- [Information provided]:

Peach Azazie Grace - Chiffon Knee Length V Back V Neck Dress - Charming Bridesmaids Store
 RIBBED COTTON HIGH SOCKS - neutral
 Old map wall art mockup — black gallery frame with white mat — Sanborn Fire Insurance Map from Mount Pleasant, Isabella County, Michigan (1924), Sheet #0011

- [Directions for this task]:
Say each line again exactly as it appears above.

- [Output below]:
Peach Azazie Grace - Chiffon Knee Length V Back V Neck Dress - Charming Bridesmaids Store
 RIBBED COTTON HIGH SOCKS - neutral
 Old map wall art mockup — black gallery frame with white mat — Sanborn Fire Insurance Map from Mount Pleasant, Isabella County, Michigan (1924), Sheet #0011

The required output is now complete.